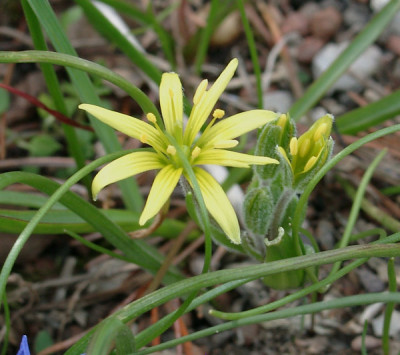04010023_eGagea_villosa.JPG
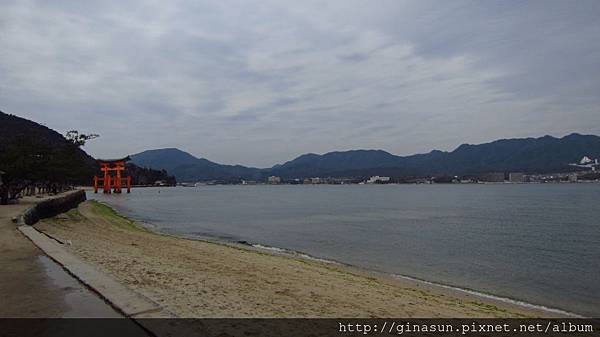 IMG_1077.JPG IMG_1077.JPG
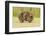 Common Wombat (Vombatus Ursinus) Adult Scratching, Tasmania-Dave Watts-Framed Photographic Print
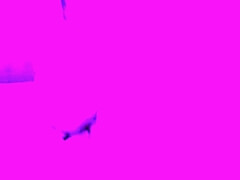 Grote lul, Sperma shot, Lul, Hd, Aftrekken, Masturbatie, Orgasme, Alleen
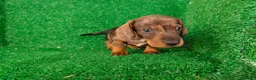 Teckel Miniatura perros en venta: Teckel miniatura  - Anuncio 15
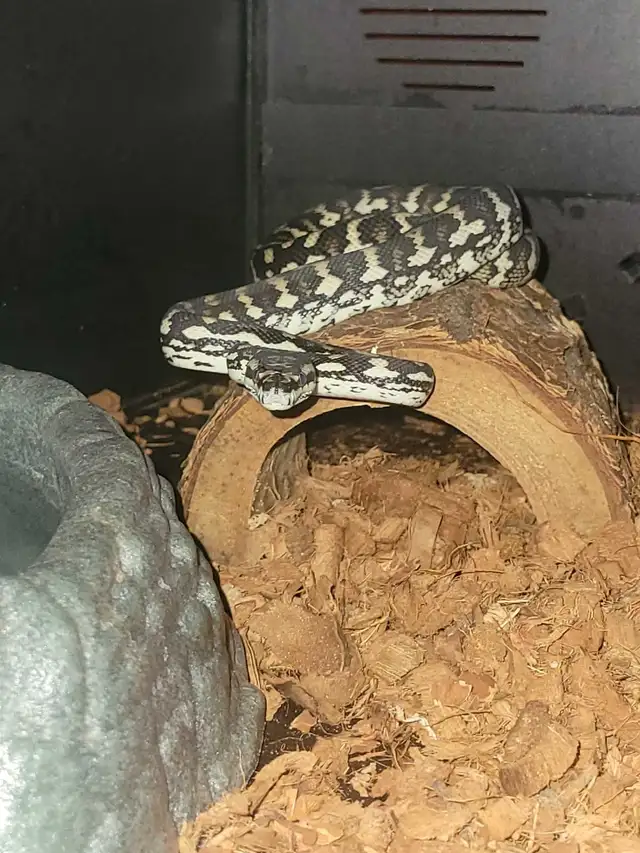 carpet python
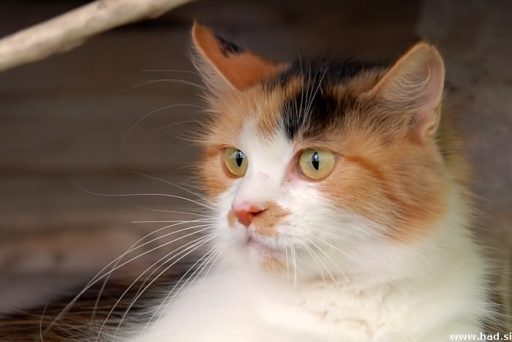 Mačka - Felis Silvestris Catus 4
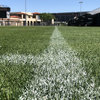 Introducing Duo Pro™ | Perennial/Annual Ryegrass Mixture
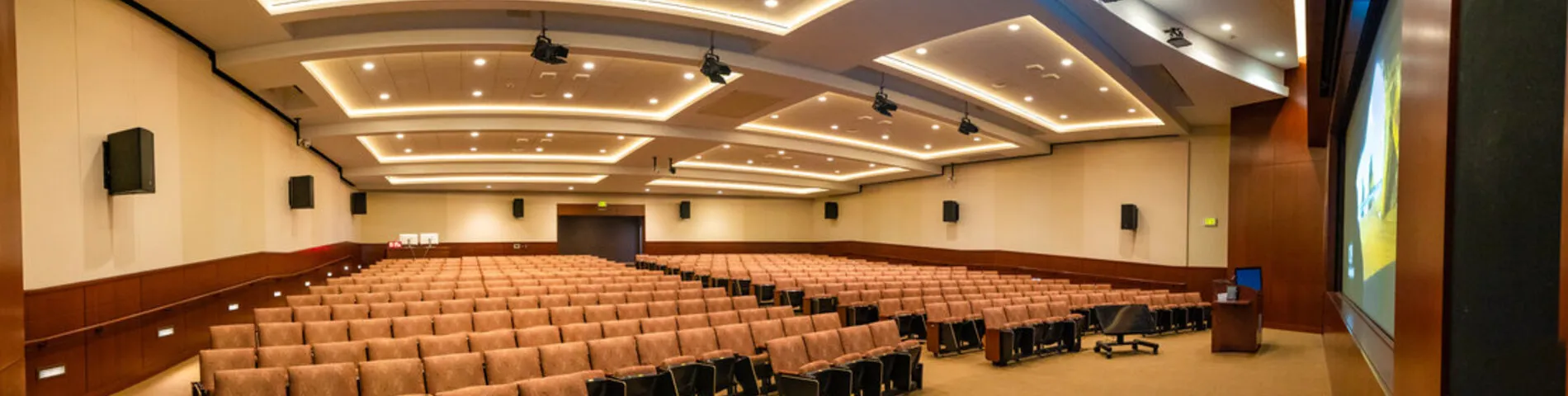 Converse International School of Languages Junior Centre kép 1 Converse International School of Languages Junior Centre kép 1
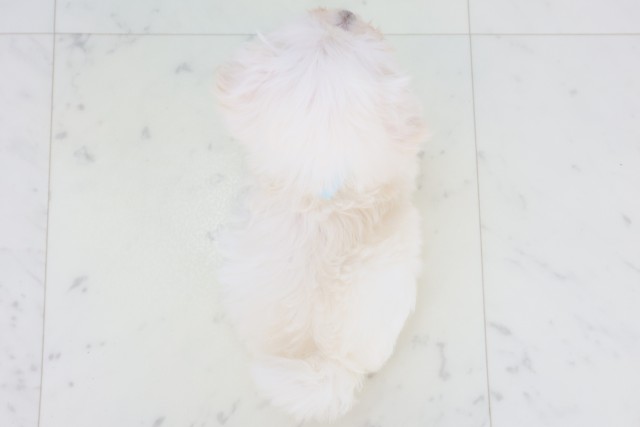 高知県のマルチーズ (Coo&RIKU高知御座店/2025年11月8日生まれ/男の子/ホワイト)の子犬の4枚目の画像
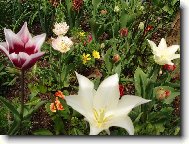 rozkvetl� zahr�dka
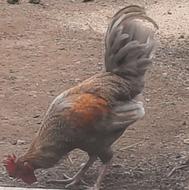 خروس زیبای محلی خاکستری چهل تاج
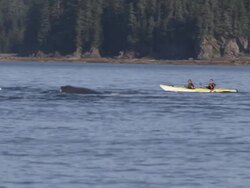 'Long Shot pan-right-Kayakers paddle past humpback whales that surface and spout near a forested Alaskan coast. / Alaska, USA' Stock Footage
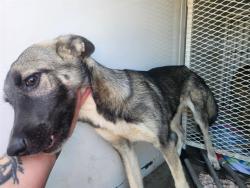 Shelter Stray Female Dog last seen Near BLOCK WOODROW AVE, BAKERSFIELD CA 93308, 3951 Fruitvale Ave, Bakersfield, CA 93308, USA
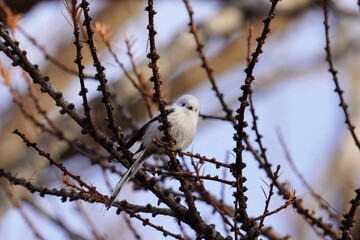 日本の北海道にいるシマエナガ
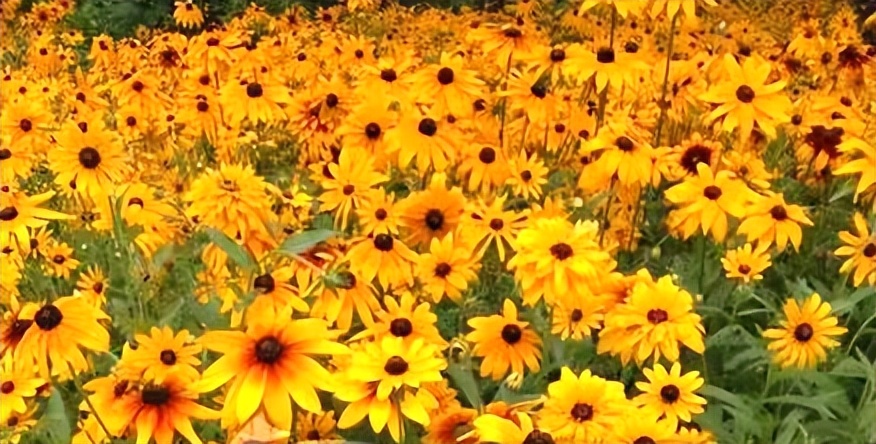 常觅春归不知处花田此地得逢君：栖云田园小镇·花间集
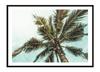 Obraz Plakat W Ramie 33x43 Cm Palma P2246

# # # # #

Set down word for word the lines from the first entry through the line with "日本の北海道にいるシマエナガ", both included, omitting pictures.

04010023_eGagea_villosa.JPG
 IMG_1077.JPG IMG_1077.JPG
 Common Wombat (Vombatus Ursinus) Adult Scratching, Tasmania-Dave Watts-Framed Photographic Print
 Grote lul, Sperma shot, Lul, Hd, Aftrekken, Masturbatie, Orgasme, Alleen
 Teckel Miniatura perros en venta: Teckel miniatura  - Anuncio 15
 carpet python
 Mačka - Felis Silvestris Catus 4
 Introducing Duo Pro™ | Perennial/Annual Ryegrass Mixture
 Converse International School of Languages Junior Centre kép 1 Converse International School of Languages Junior Centre kép 1
 高知県のマルチーズ (Coo&RIKU高知御座店/2025年11月8日生まれ/男の子/ホワイト)の子犬の4枚目の画像
 rozkvetl� zahr�dka
 خروس زیبای محلی خاکستری چهل تاج
 'Long Shot pan-right-Kayakers paddle past humpback whales that surface and spout near a forested Alaskan coast. / Alaska, USA' Stock Footage
 Shelter Stray Female Dog last seen Near BLOCK WOODROW AVE, BAKERSFIELD CA 93308, 3951 Fruitvale Ave, Bakersfield, CA 93308, USA
 日本の北海道にいるシマエナガ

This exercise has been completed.